Even computerisation in quantity surveying has largely only made manual methods a bit faster and removed a spot of menial work out of it, but has not really contributed to the full utilisation of modern information management. There are niched exceptions, but the applications of these are very limited and not improving a total service delivery and product offering.
The president’s remarks put another question mark behind CPD and whether it is then achieving anything. Meanwhile the minister engrosses herself in centralised control and much energy and resources that should be spent on improving the profession’s service and delivery, are absorbed in political wrangling.
We need more honest debate about the direction of our profession and active encouragement of research. And we need real academic credible research that focus on method, on standards and all other technical and hardline product-related issues.
The toning down of building activity that is becoming visible would have negative effects, but would present the opportunity for innovation and improvement to come forward. It is easy to look good in the good times, but when things get tough, quality, efficiency and innovation becomes survival tools.
This does not mean we should lose the best of the old-fashioned tools. In the engineering industry you would see how much there is still to be done to show the value of the best old-fashioned principles of taking-off and bills of quantities to achieve cost control that adds value. Sadly, it is not only engineers who fall flat in this regard, but also many well-meaning quantity surveyors that are unconsciously incompetent to apply the principles learnt from Standard System for Building Work approaches successfully for engineering works, and thus one can not blame some project engineers that act one bitten, twice shy when a “QS” offers his services for an engineering project. Here again: training is inadequate and obviously produces more rules-based clerks than professional quantity surveyors that really understand the underlying principles of what they are doing.

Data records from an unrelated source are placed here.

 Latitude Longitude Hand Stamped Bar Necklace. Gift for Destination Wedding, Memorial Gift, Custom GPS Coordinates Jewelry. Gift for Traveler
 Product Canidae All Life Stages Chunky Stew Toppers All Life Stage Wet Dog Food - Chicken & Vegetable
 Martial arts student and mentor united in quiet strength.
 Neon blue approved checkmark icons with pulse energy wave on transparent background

It would be interesting to see how the various firms and the profession in general respond to the challenge and opportunity. Meanwhile its good to see a president speaking out and he deserves the profession’s support.
Leonard van der Dussen
NOTE FROM THE PRESIDENT’S DESK -3 – GREEN QS’S NEEDED
I have for many years been bemused by the lack of significant change / innovative development within our local profession. For example, although having been out of the mainstream of QS practice for approximately 20 years, the dire warnings that I received from well-intentioned friends that if I were not to ‘keep my hand in’ I would quickly become ‘displaced’ is just not so. I regularly interact with QS practices and although there have obviously been changes in practice operations, standard forms and documentation etc, on reflection, I am unable to identify even one primary ‘skill’ that is required of a QS in general practice today, that was not normal practice when I left private practice and entered fulltime academia. This would obviously exclude the use of computer technology, but maybe there we have also lost a skill in the rush for standardized documents, model BOQ’s etc – the ability to think laterally in terms of design appraisal and specification composition. In fact, in my opinion, some of the quite useful skills commonly applied in previous years and which could be usefully employed in practice today, appear to be sadly lacking amongst younger professionals locally.

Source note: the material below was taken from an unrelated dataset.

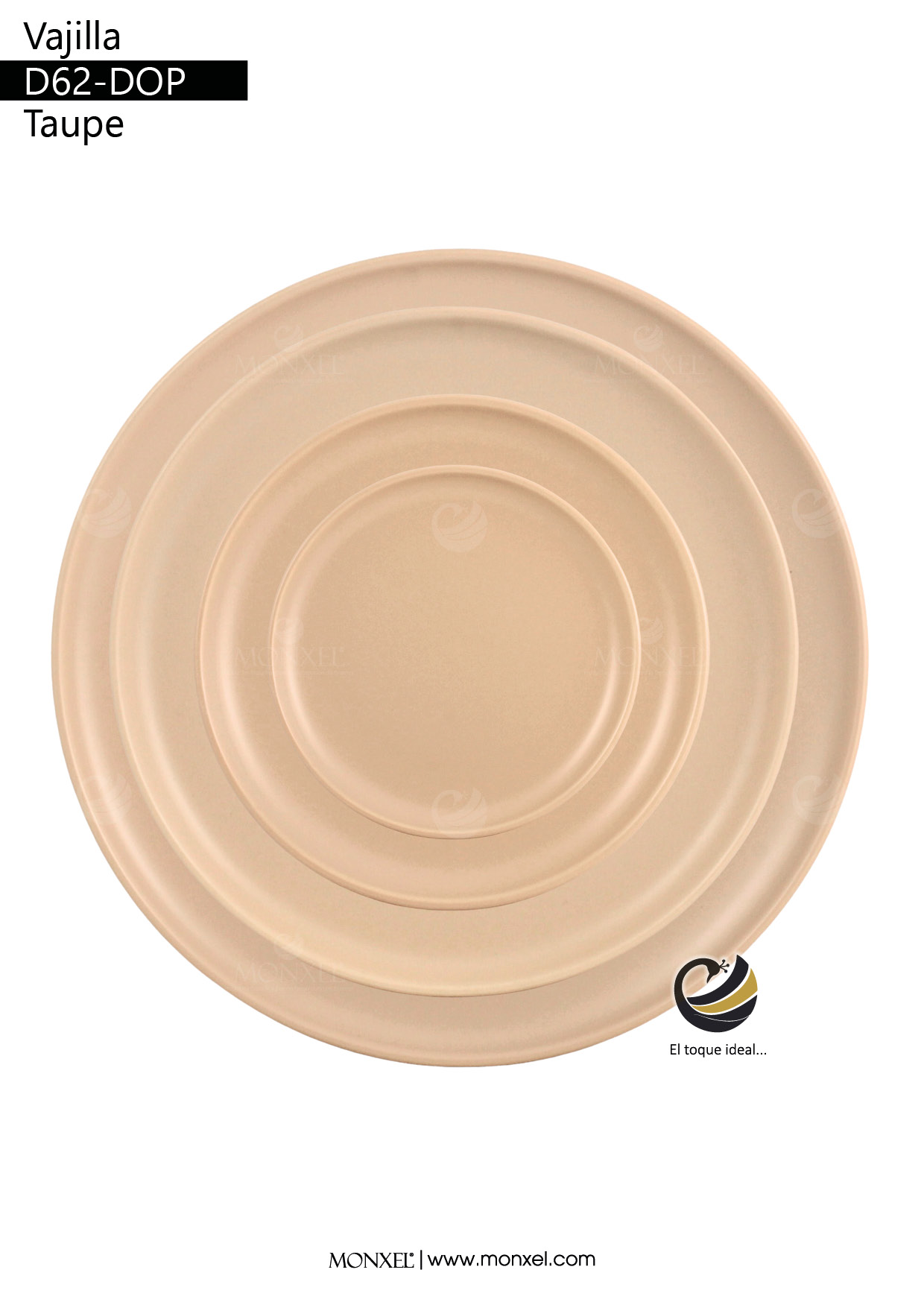 Vajilla D62-DOP Taupe (Porcelana)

I was reminded of this a few days ago in a chat with a friend of many years, John Powell from the Cape, who pertinently raised the question of what we were doing as a profession to play a leading role in the ‘green movement’ that will undoubtedly be a major future challenge in the building procurement process. I fear that unless we make a real effort, this may be another field where opportunities to become an acknowledged ‘leading profession’ may be lost and we are once again relegated to the position of ‘followers’.
What do we need to do to take our place in front? There are a number of problems to overcome. Firstly, most academic institutions are hopelessly ill-equipped in terms of resources to provide direction. Progress initiated from this source is normally a product of scientific research. Unfortunately, the shortage of academics in the country, as well as a lack of a ‘research ethos’ in our local profession largely closes that door. A further issue to contend with is the nature of our South African practices, which predominantly comprise few qualified practitioners, who, if they want to be at the leading-edge, are practically isolated from like-minded persons.
It seems to me that in order to improve the situation, we will need to draw upon the goodwill of our larger practices with international connections to lead the way. From the Association’s side, we have very recently appointed a specialist committee to provide guidance in terms of QS interest in environmental matters. At present, the group is comprised of Gerhard Brummer (Chair based in Gauteng), and Frans van der Walt, together with Johann Richards who are both based in Richards Bay. At this stage they have an ‘open’ brief. If you are keen to become involved as an active participant in the future development of the Green Movement within the construction sector, I am sure they would welcome hearing from you. Who knows, maybe this will be the key to some of our members promoting our profession as ‘expert specialists’ in a changing property / construction sector.